When the chicks are first placed under the hovers, during the first day, we carry the temperature at 95 degrees, and then slowly decrease this by raising the hover. Where an adjustable hover is not used this may be accomplished by turning down the lamp.
CHAPTER XX
Handling Birds on Range—The Youngsters Must Be Kept Growing All the Time
The birds leave the Brooder House for their permanent Summer home on the Colony Range, so far as the pullets in the flock go, at eight to nine weeks of age.
The Colony Houses are prepared for the new tenants by being thoroughly sprayed with a solution of Kerosene and Carbolic Acid, in a proportion of one to five—one Carbolic and five Kerosene. Before spraying, the canvas drops to the windows are let down, and after spraying the House is left twenty-four hours in a perfectly closed condition, before the drops are raised. The floor is then covered with straw litter to the depth of four inches; the five gallon drinking fountain is filled and placed on its stand close to the door; the feed box receives its quantity of mash, and the grain is scattered over the litter.
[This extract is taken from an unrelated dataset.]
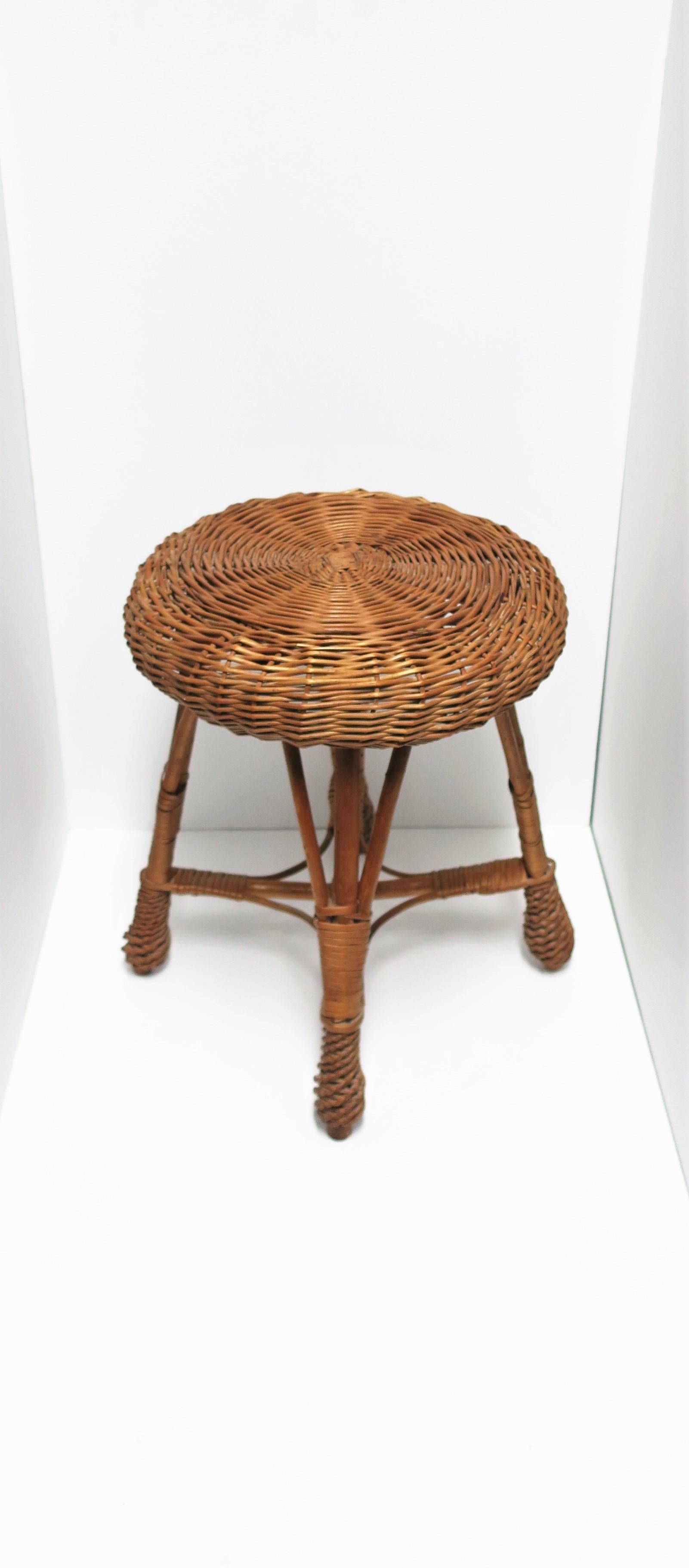 whicker stool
We practice the filling of from six to eight Colony Houses at a time, and with this coming season of 1912 we shall increase that number to ten.
The Colony Houses are raised about eight inches from the ground, by blocks, and, as it is not advisable for the small birds to get under the House for the first few days, we have sets of boards which fit around the House to prevent their making the mistake of huddling under the House at night, instead of going up into it.